▸ DATA SUPPLIED:
———

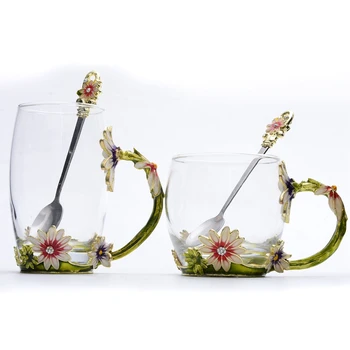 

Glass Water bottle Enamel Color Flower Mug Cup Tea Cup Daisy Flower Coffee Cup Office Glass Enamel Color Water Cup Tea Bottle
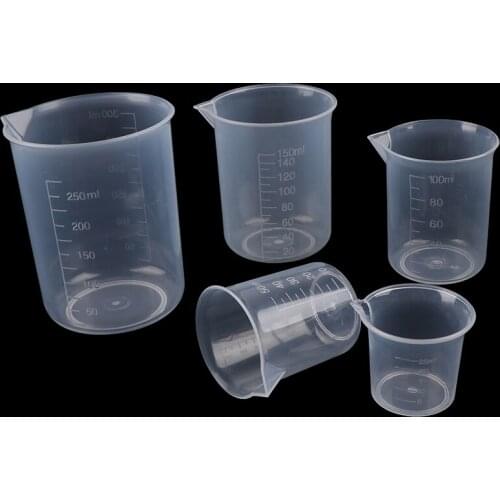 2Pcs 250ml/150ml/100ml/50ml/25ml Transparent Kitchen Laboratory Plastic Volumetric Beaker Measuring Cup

———

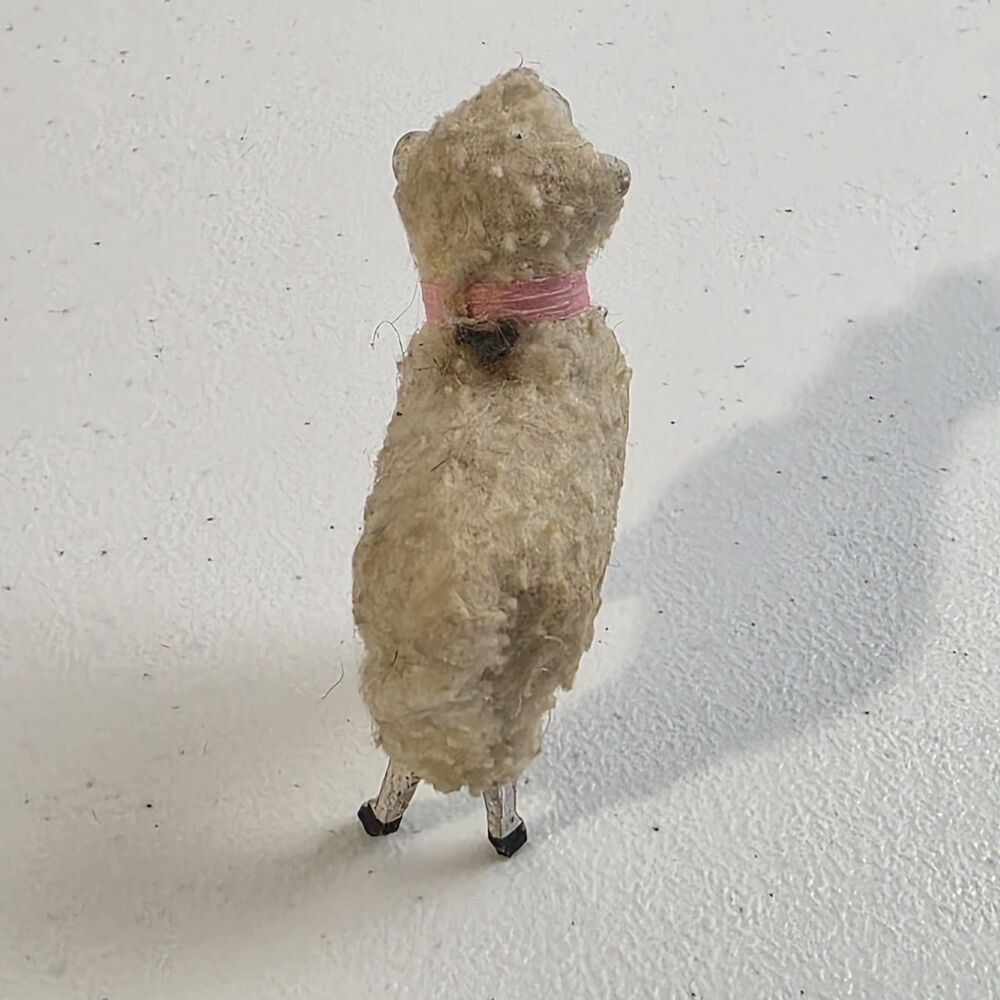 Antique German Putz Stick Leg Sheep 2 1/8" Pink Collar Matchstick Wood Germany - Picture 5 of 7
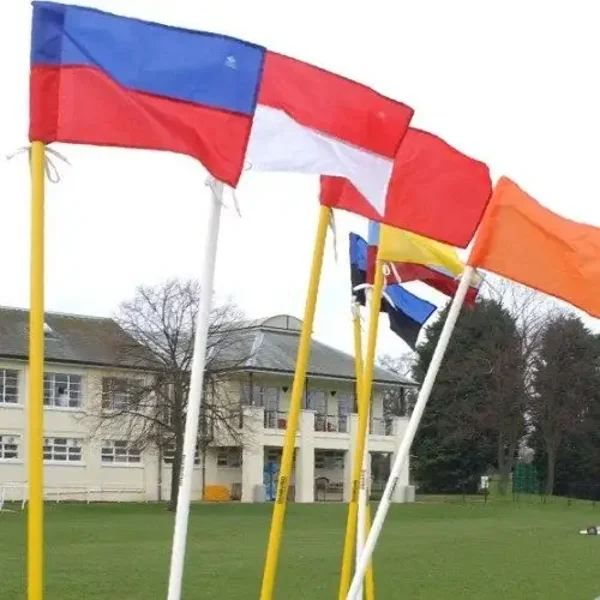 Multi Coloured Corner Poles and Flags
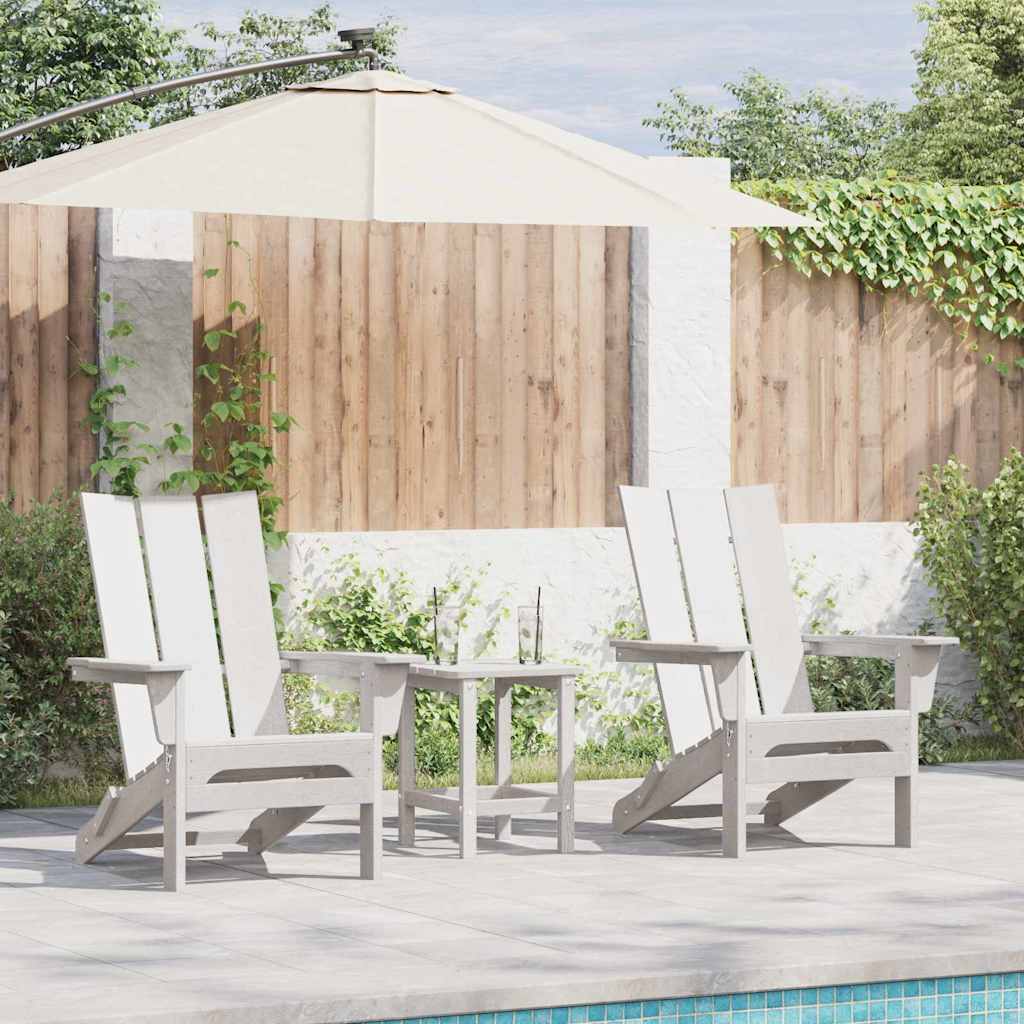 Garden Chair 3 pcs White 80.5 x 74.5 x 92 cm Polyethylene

———

▸ PROMPT:
In the listing above, find the line containing "Glass Water bottle" and the line containing "2Pcs 250ml/150ml/100ml/50ml/25ml Transparent"; print those lines and every line between them exactly, leaving out pictures.

▸ OUTPUT BELOW:
Glass Water bottle Enamel Color Flower Mug Cup Tea Cup Daisy Flower Coffee Cup Office Glass Enamel Color Water Cup Tea Bottle
 2Pcs 250ml/150ml/100ml/50ml/25ml Transparent Kitchen Laboratory Plastic Volumetric Beaker Measuring Cup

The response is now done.